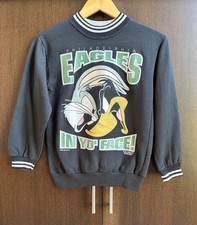 YOUTH Vintage Philadelphia Eagles 1993 Looney Tunes Crewneck, YOUTH Med - Sun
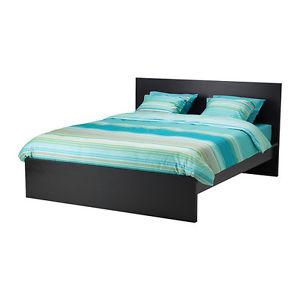 Black Queen Size Ikea Malm Bed Base/Frame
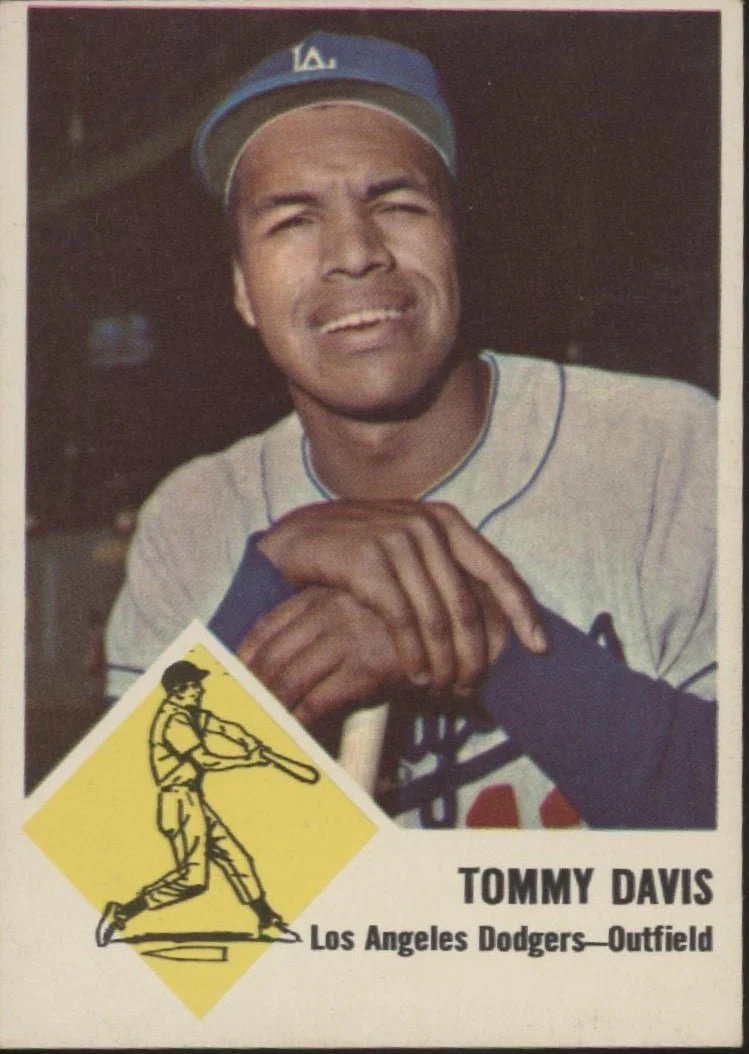 Tommy Davis 1963 Fleer #40 Los Angeles Dodgers VG-EX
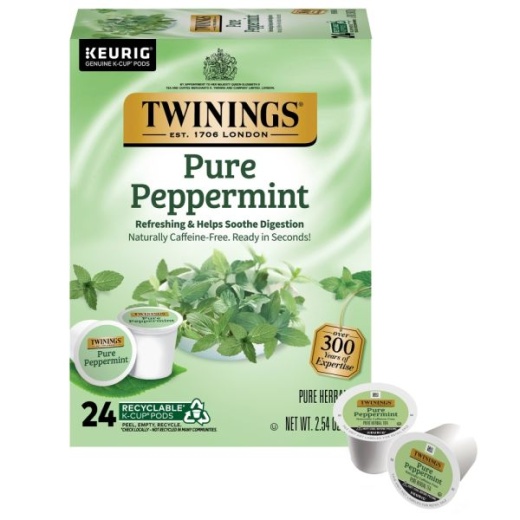 Twinings Of London Pure Peppermint Tea Single-Serve K-Cup Pods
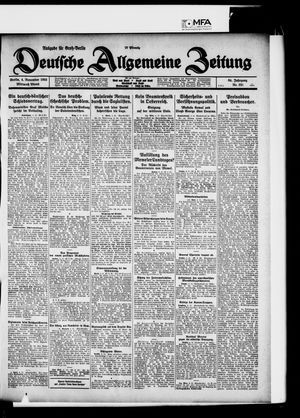 Deutsche allgemeine Zeitung on Nov 4, 1925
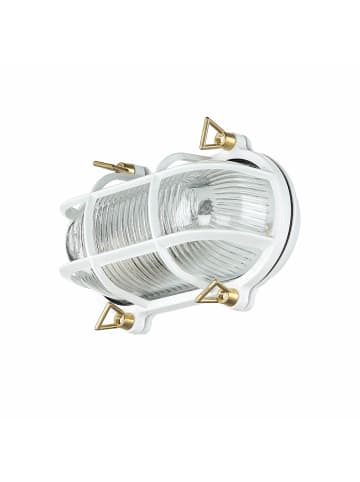 Licht-Erlebnisse Außen Wandlampe (B)21 x (H)13 cm in Weiß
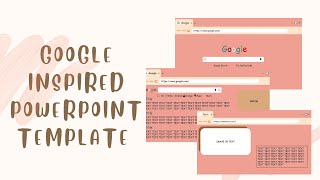 Google Inspired PowerPoint Template// Free Template 💛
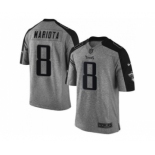 Nike Tennessee Titans #8 Marcus Mariota Gray Men's Stitched NFL Limited Gridiron Gray Jersey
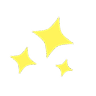 キラキラのイラスト
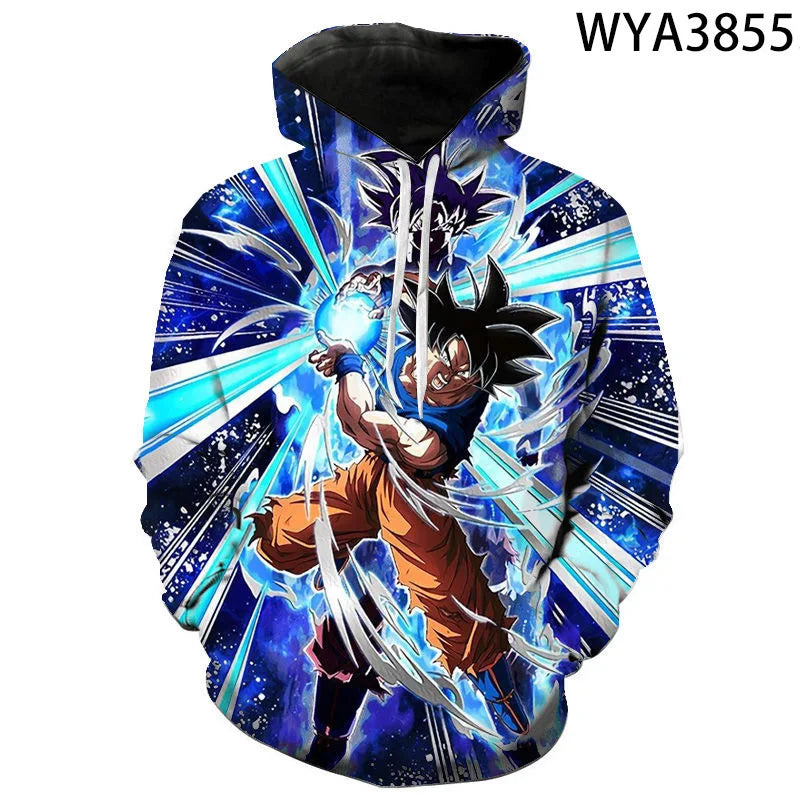 Moletom Goku 3D com capuz Anime Dragon Ball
************
## Task to carry out
From the line with "Licht-Erlebnisse Außen Wandlampe" to the last line of the material, both inclusive, set down every line exactly and nothing else; omit pictures.

## Task output
 Licht-Erlebnisse Außen Wandlampe (B)21 x (H)13 cm in Weiß
 Google Inspired PowerPoint Template// Free Template 💛
 Nike Tennessee Titans #8 Marcus Mariota Gray Men's Stitched NFL Limited Gridiron Gray Jersey
 キラキラのイラスト
 Moletom Goku 3D com capuz Anime Dragon Ball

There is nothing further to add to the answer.